# Task
In the entries below, print exactly the lines from the first through the one with "Toyota RAV4 photo 46", both included, and none of the pictures.

# Records for the exercise

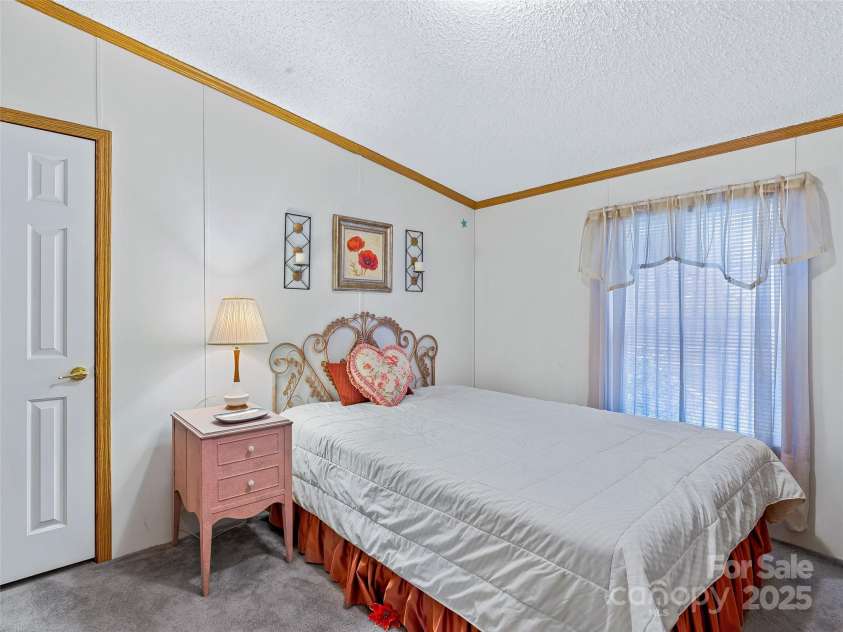 155 Maple Ridge Road, Candler, NC 28715.  MLS# CAR4331042, YatesRealty ID 2712. 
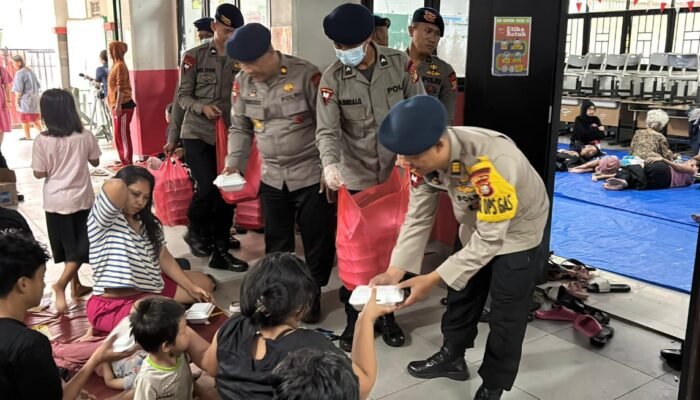 Brimob Gelar Dapur Lapangan di Kampung Melayu, Bantu Warga Terdampak Banjir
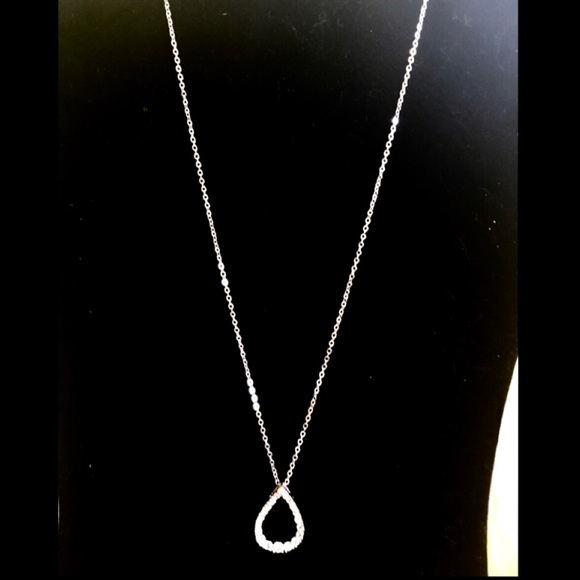 Jewelry - Gorgeous! Crystal Teardrop Necklace✨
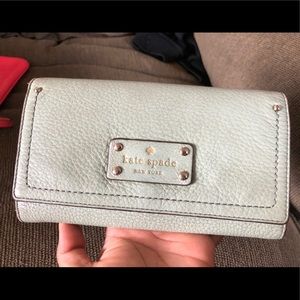 Authentic Green Kate Spade Wallet Clutch Bag GUC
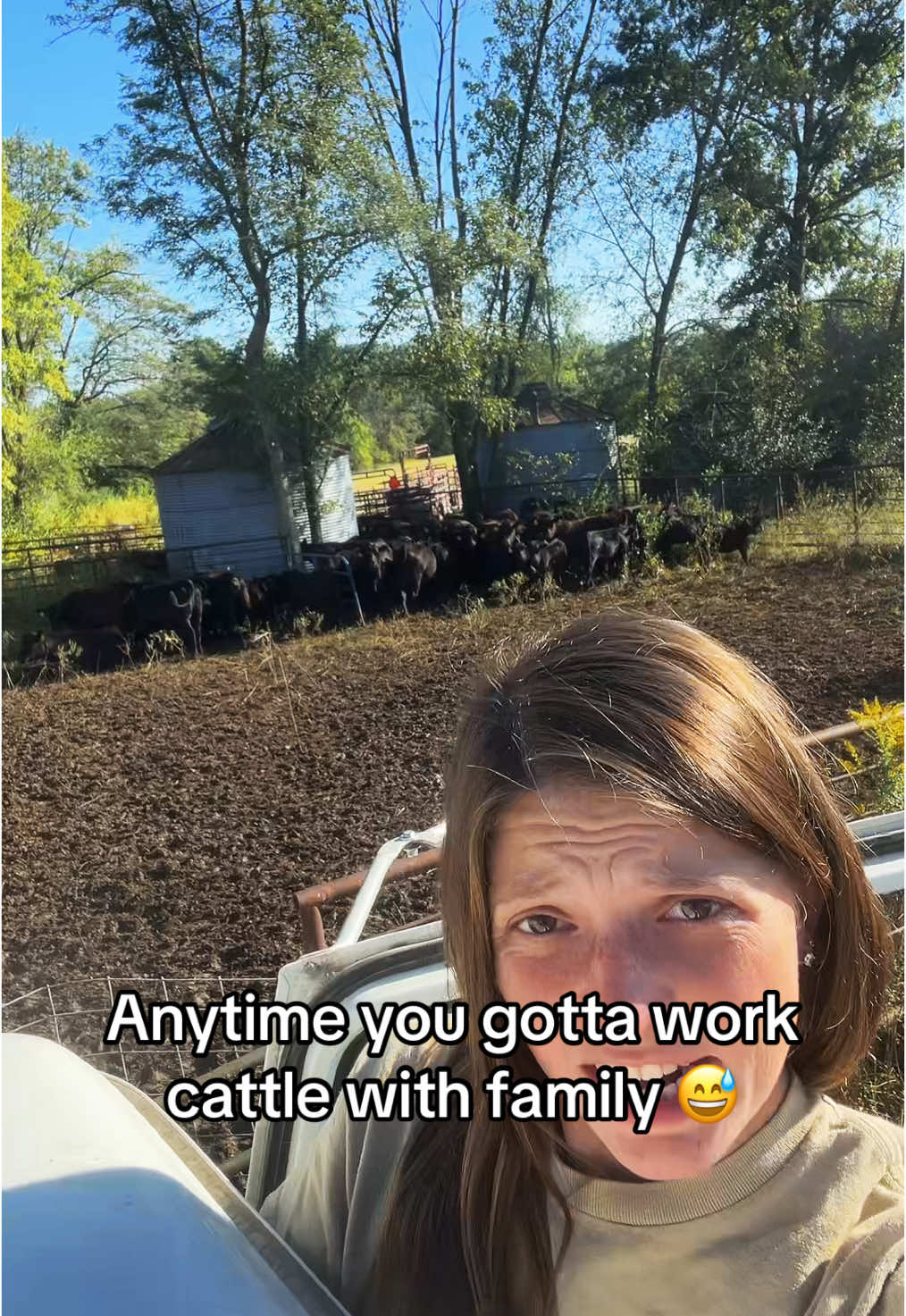 Promise it’s a love/hate relationship working together 😅 #familyfarm #cattle #womeninagriculture #cattlewoman #farmersdaughter #fatherdaughterduo 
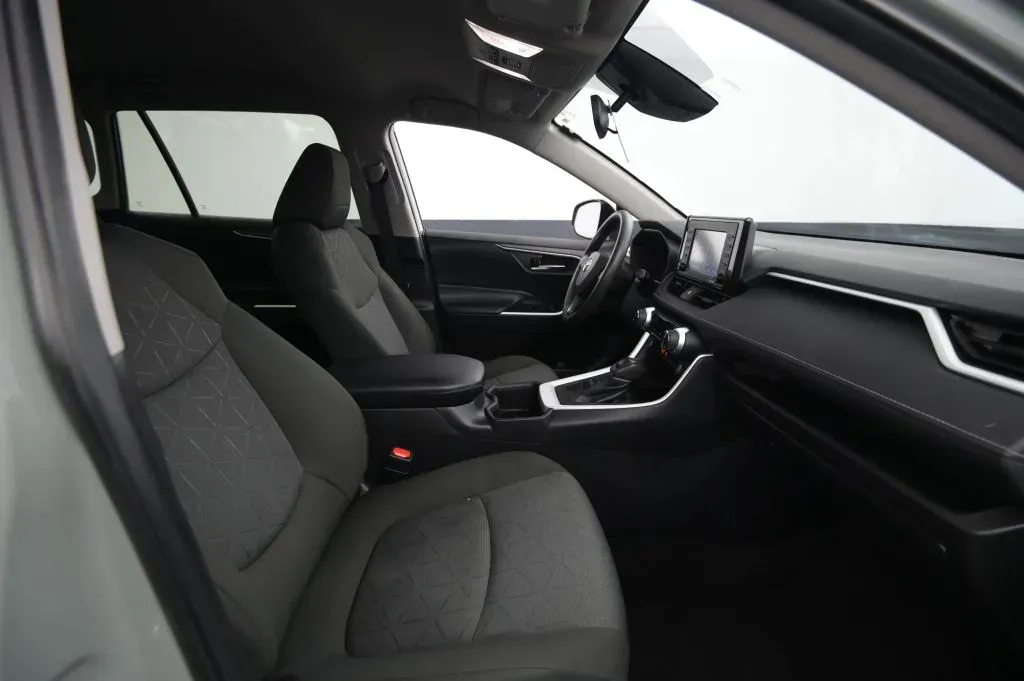Toyota RAV4 photo 46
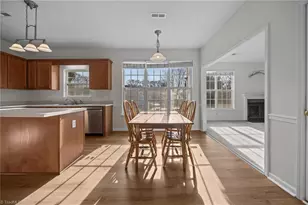 6405 Estes Ct, Greensboro, NC 27410 - Photo 11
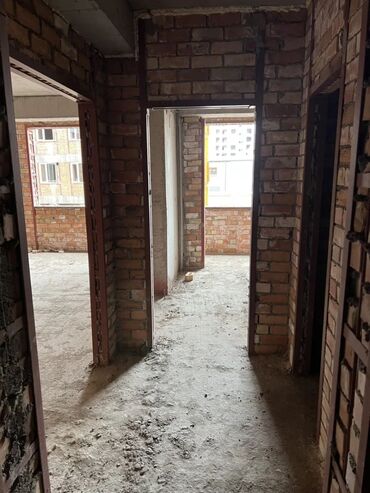 купить квартиру в строящемся доме в бишкеке: 1 комната, 42 м², Элитка, 2 этаж, ПСО (под самоотделку)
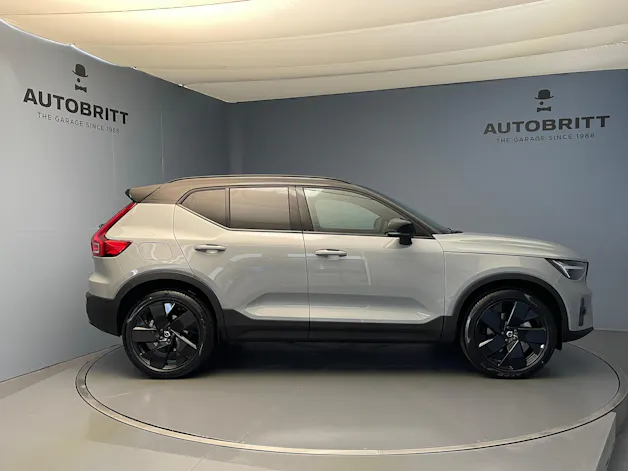 Volvo XC40 2.0 B4 MH Black Edition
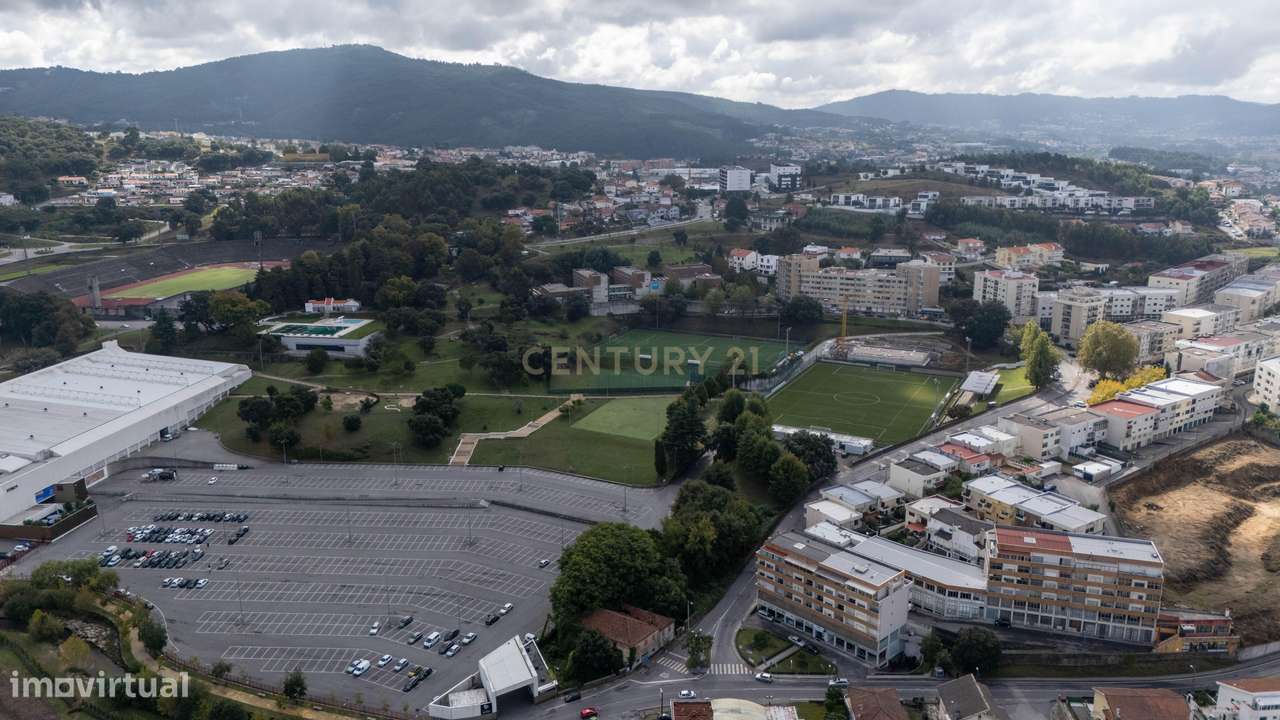 Terreno para um hotel de 70 quartos com um segundo edifício para servi-27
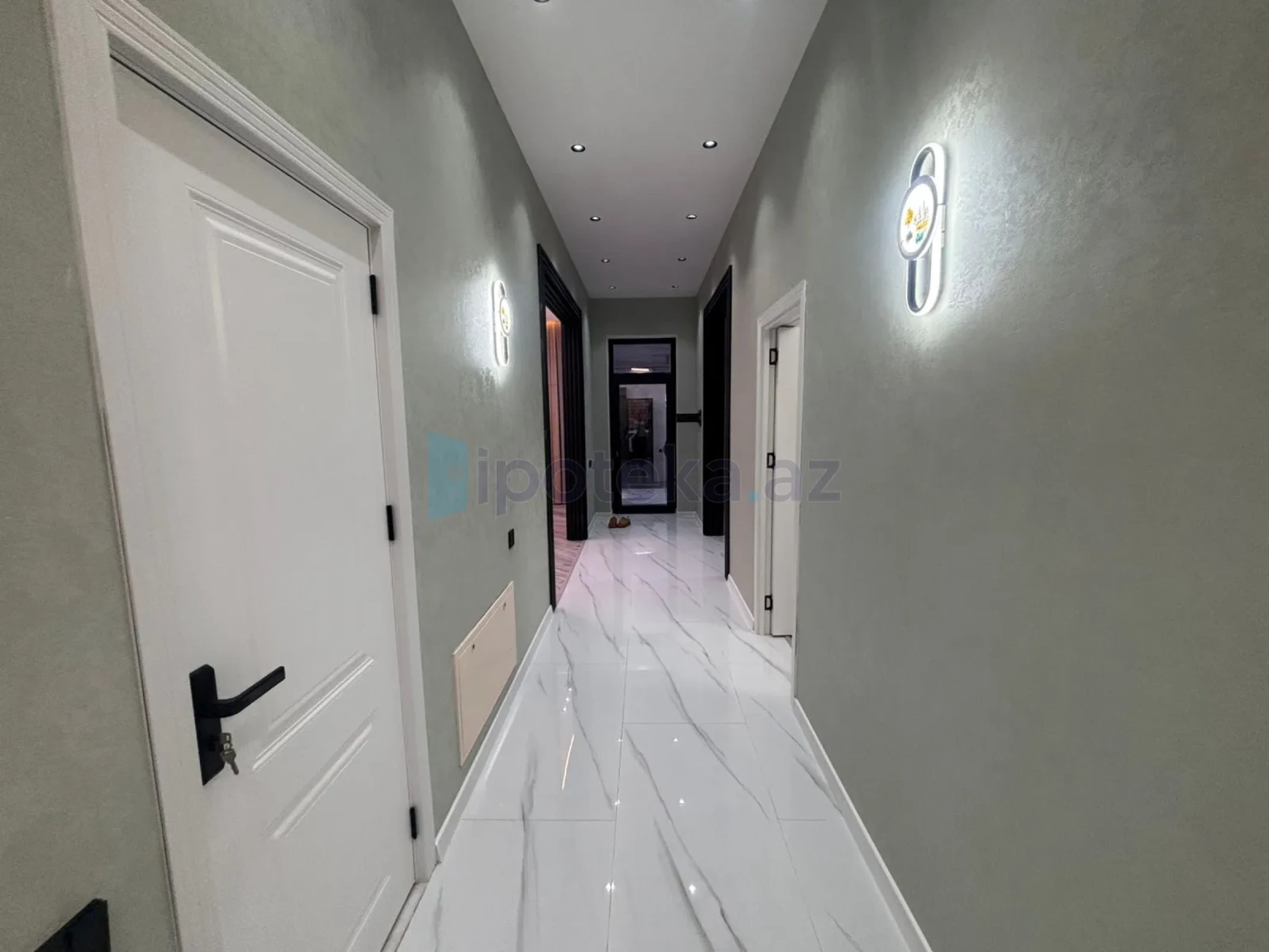Satılır 4 otaqlı mənzil 130 m²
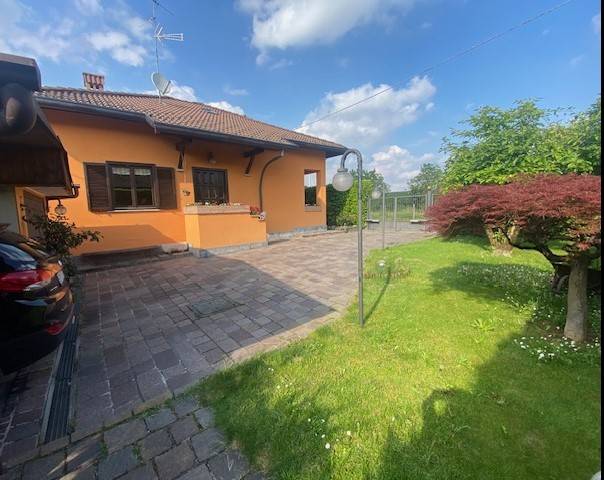 casa indipendente in vendita a Fino Mornasco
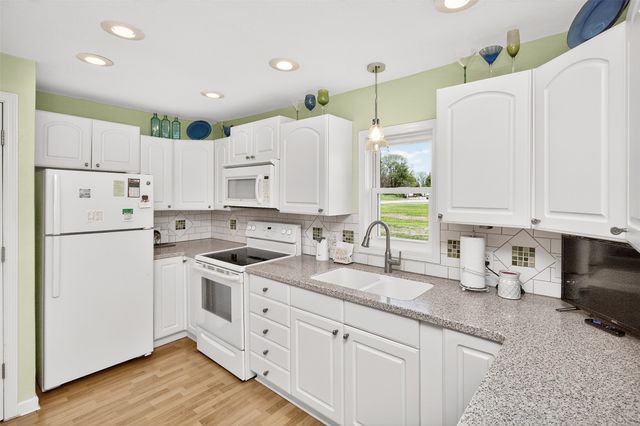 402 S Vine Street, Cambridge, IA 50046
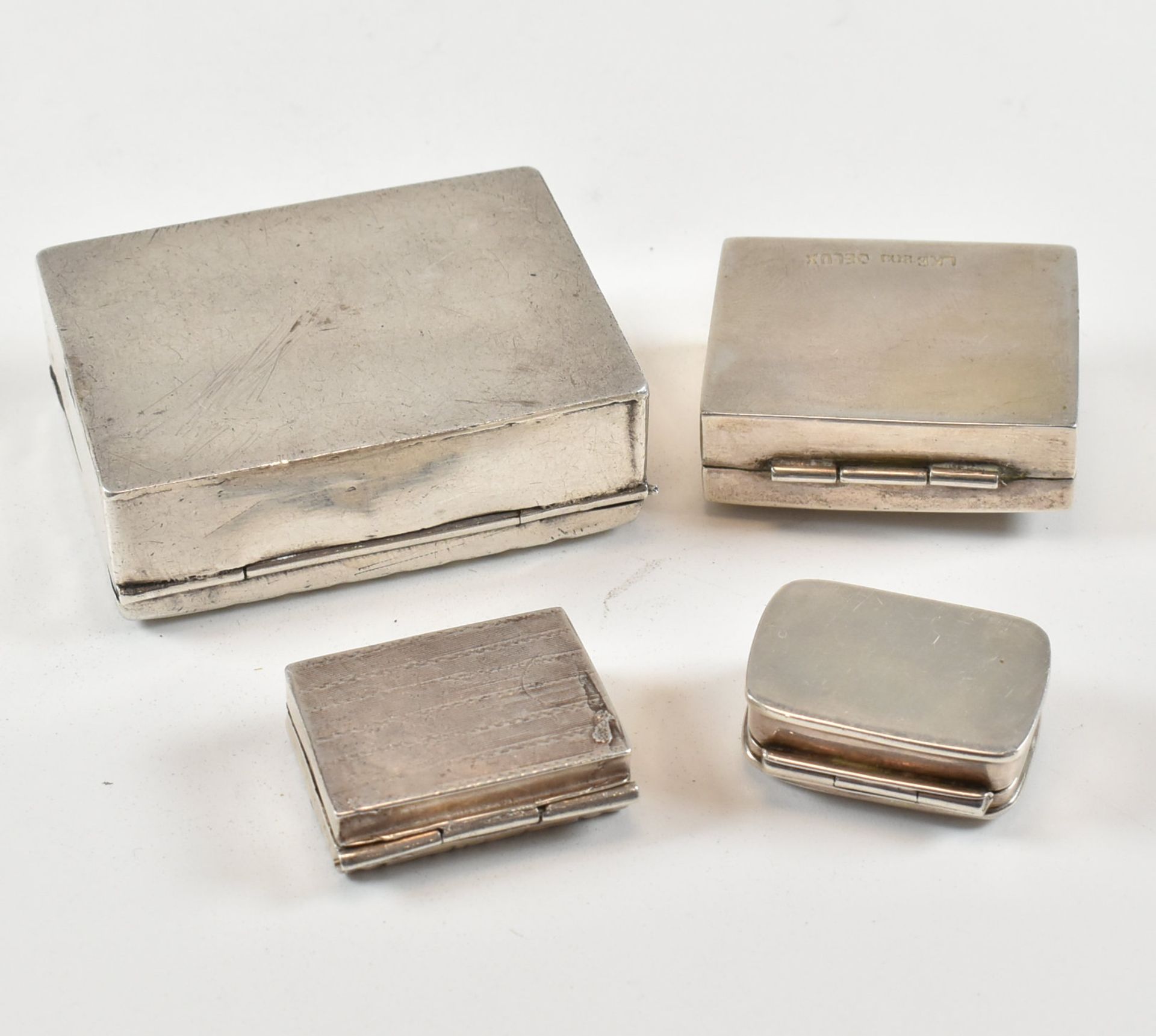 COLLECTION OF SILVER & WHITE METAL BOXES - Image 3 of 11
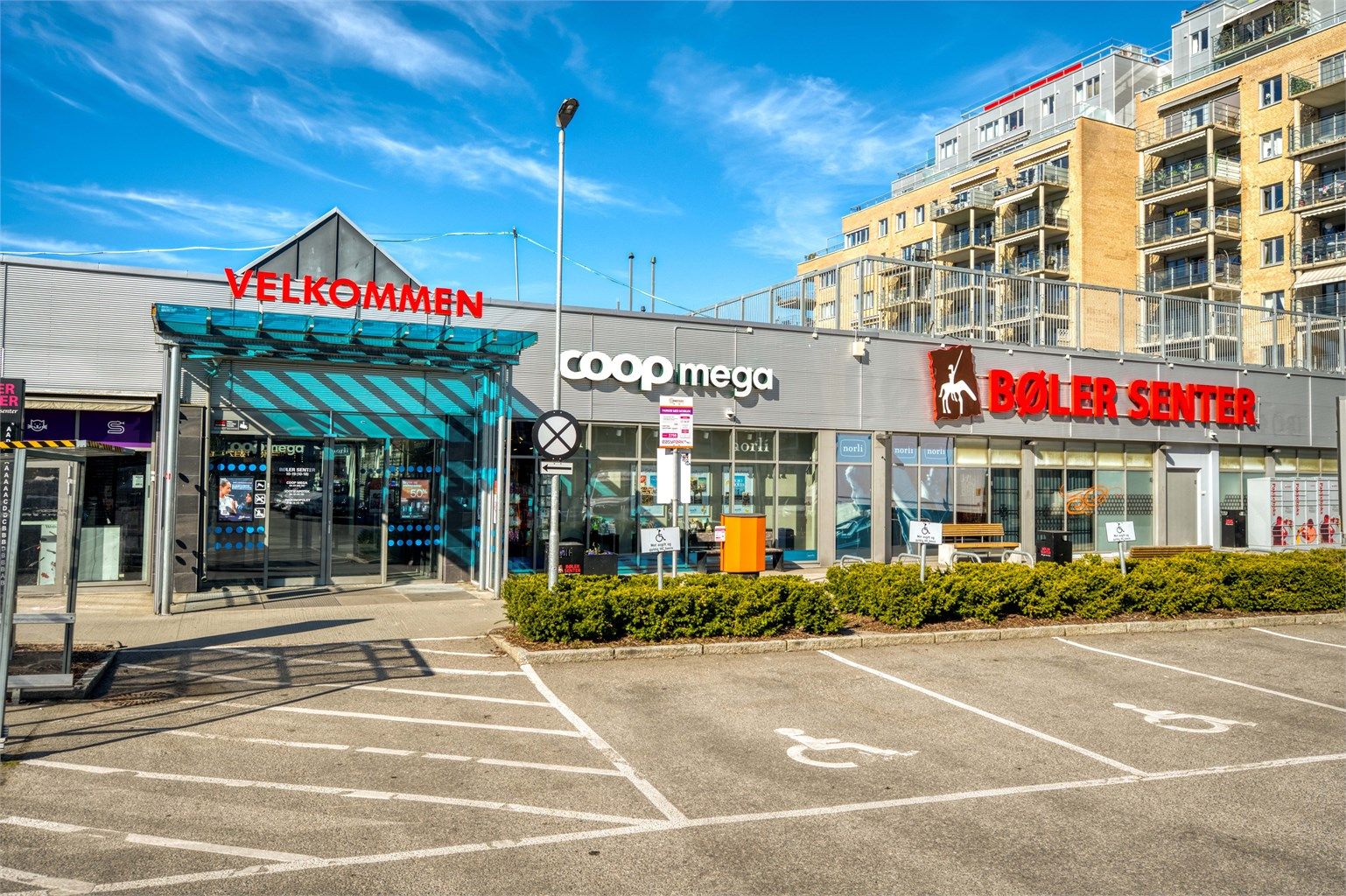 Bøler Senter ligger i umiddelbar nærhet og tilbyr et bredt utvalg av butikker, servicetjenester, helsetilbud og koselige kafeer - alt du trenger, rett i nærmiljøet!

# Solution to the problem
 155 Maple Ridge Road, Candler, NC 28715.  MLS# CAR4331042, YatesRealty ID 2712. 
 Brimob Gelar Dapur Lapangan di Kampung Melayu, Bantu Warga Terdampak Banjir
 Jewelry - Gorgeous! Crystal Teardrop Necklace✨
 Authentic Green Kate Spade Wallet Clutch Bag GUC
 Promise it’s a love/hate relationship working together 😅 #familyfarm #cattle #womeninagriculture #cattlewoman #farmersdaughter #fatherdaughterduo 
Toyota RAV4 photo 46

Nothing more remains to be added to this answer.